[Data shown Boundary: Start]
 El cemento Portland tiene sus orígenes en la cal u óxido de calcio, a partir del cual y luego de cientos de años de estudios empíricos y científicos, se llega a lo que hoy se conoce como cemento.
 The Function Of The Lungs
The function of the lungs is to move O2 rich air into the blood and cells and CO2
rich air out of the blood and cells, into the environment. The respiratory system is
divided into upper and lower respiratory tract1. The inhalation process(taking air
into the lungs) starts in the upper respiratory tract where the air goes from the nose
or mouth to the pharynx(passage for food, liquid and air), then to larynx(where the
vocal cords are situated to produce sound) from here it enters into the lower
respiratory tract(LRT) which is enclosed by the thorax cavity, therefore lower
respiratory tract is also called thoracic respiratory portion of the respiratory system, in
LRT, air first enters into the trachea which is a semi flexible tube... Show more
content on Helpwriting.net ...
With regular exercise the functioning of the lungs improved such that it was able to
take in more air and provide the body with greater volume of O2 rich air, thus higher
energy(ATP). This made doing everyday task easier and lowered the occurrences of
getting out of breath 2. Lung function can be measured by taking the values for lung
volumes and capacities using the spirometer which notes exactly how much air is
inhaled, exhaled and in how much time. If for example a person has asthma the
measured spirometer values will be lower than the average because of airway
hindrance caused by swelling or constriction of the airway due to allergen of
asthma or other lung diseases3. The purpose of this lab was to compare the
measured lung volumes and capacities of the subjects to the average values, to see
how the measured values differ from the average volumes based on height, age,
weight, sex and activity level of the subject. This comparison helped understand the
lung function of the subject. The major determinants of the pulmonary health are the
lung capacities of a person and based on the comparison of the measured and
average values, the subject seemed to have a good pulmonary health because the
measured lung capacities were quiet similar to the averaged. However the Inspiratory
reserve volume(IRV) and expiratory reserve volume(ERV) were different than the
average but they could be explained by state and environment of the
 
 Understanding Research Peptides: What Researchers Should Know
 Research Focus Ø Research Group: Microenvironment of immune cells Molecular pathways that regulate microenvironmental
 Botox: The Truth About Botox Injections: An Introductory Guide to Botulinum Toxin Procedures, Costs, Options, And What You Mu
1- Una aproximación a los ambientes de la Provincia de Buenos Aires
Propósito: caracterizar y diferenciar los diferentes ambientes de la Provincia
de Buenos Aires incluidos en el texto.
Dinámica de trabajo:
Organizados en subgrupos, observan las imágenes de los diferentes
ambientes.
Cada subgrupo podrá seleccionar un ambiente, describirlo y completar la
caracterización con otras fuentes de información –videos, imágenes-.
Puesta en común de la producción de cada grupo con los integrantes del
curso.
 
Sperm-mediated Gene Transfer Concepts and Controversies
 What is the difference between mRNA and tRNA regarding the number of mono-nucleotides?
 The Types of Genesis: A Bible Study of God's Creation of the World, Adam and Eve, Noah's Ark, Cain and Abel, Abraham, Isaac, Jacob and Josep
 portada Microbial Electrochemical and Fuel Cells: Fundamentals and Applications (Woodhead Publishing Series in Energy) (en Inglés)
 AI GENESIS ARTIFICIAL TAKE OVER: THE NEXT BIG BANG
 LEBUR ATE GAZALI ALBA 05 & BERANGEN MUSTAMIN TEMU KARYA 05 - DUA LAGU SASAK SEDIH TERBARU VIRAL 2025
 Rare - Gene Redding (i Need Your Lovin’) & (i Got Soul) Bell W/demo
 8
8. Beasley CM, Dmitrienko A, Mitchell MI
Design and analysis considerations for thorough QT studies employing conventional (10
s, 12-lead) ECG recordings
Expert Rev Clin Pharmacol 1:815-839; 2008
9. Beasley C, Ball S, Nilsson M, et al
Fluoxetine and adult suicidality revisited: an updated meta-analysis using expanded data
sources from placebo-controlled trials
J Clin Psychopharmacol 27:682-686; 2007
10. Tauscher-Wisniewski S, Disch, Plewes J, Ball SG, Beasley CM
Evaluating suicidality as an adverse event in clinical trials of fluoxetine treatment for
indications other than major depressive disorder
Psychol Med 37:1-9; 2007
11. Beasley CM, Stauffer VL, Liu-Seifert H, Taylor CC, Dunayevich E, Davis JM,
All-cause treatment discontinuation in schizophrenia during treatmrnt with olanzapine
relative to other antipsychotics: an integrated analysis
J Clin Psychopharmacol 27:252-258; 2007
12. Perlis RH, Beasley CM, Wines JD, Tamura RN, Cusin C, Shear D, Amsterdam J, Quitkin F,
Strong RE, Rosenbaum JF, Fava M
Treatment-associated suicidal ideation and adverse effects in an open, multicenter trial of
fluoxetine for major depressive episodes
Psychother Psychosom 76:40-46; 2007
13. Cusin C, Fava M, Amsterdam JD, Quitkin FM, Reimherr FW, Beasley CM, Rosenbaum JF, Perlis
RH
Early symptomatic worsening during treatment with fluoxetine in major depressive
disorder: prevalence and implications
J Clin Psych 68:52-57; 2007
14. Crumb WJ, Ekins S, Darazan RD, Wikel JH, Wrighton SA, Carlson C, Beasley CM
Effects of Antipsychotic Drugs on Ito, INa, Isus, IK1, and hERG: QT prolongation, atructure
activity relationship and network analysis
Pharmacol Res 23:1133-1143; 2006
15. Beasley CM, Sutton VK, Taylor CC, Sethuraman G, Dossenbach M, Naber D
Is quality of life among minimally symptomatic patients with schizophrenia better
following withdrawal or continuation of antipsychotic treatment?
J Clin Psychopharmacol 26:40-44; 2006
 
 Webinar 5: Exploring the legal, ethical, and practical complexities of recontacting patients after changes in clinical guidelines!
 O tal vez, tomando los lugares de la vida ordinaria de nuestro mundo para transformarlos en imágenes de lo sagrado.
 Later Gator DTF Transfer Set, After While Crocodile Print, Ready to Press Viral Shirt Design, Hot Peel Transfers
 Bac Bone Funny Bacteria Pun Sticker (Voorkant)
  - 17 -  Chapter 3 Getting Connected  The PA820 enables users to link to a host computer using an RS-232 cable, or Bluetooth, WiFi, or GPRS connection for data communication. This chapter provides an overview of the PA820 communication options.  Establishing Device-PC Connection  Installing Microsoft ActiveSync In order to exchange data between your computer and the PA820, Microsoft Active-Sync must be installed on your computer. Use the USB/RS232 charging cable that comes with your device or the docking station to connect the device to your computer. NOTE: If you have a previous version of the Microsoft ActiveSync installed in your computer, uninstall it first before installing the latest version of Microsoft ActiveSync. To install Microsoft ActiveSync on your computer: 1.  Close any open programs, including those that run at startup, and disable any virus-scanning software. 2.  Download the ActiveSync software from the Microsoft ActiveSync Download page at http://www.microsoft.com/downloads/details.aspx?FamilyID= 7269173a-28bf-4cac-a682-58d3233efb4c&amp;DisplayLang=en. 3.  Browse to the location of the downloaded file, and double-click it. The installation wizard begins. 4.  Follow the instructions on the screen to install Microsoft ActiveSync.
[Data shown Boundary: End]
◆ What to produce ◆
Output exactly the lines of the material above from the one containing "into the lungs)" up to and including the one containing "Understanding Research Peptides: What".

◆ Solution to this task ◆
into the lungs) starts in the upper respiratory tract where the air goes from the nose
or mouth to the pharynx(passage for food, liquid and air), then to larynx(where the
vocal cords are situated to produce sound) from here it enters into the lower
respiratory tract(LRT) which is enclosed by the thorax cavity, therefore lower
respiratory tract is also called thoracic respiratory portion of the respiratory system, in
LRT, air first enters into the trachea which is a semi flexible tube... Show more
content on Helpwriting.net ...
With regular exercise the functioning of the lungs improved such that it was able to
take in more air and provide the body with greater volume of O2 rich air, thus higher
energy(ATP). This made doing everyday task easier and lowered the occurrences of
getting out of breath 2. Lung function can be measured by taking the values for lung
volumes and capacities using the spirometer which notes exactly how much air is
inhaled, exhaled and in how much time. If for example a person has asthma the
measured spirometer values will be lower than the average because of airway
hindrance caused by swelling or constriction of the airway due to allergen of
asthma or other lung diseases3. The purpose of this lab was to compare the
measured lung volumes and capacities of the subjects to the average values, to see
how the measured values differ from the average volumes based on height, age,
weight, sex and activity level of the subject. This comparison helped understand the
lung function of the subject. The major determinants of the pulmonary health are the
lung capacities of a person and based on the comparison of the measured and
average values, the subject seemed to have a good pulmonary health because the
measured lung capacities were quiet similar to the averaged. However the Inspiratory
reserve volume(IRV) and expiratory reserve volume(ERV) were different than the
average but they could be explained by state and environment of the
 
 Understanding Research Peptides: What Researchers Should Know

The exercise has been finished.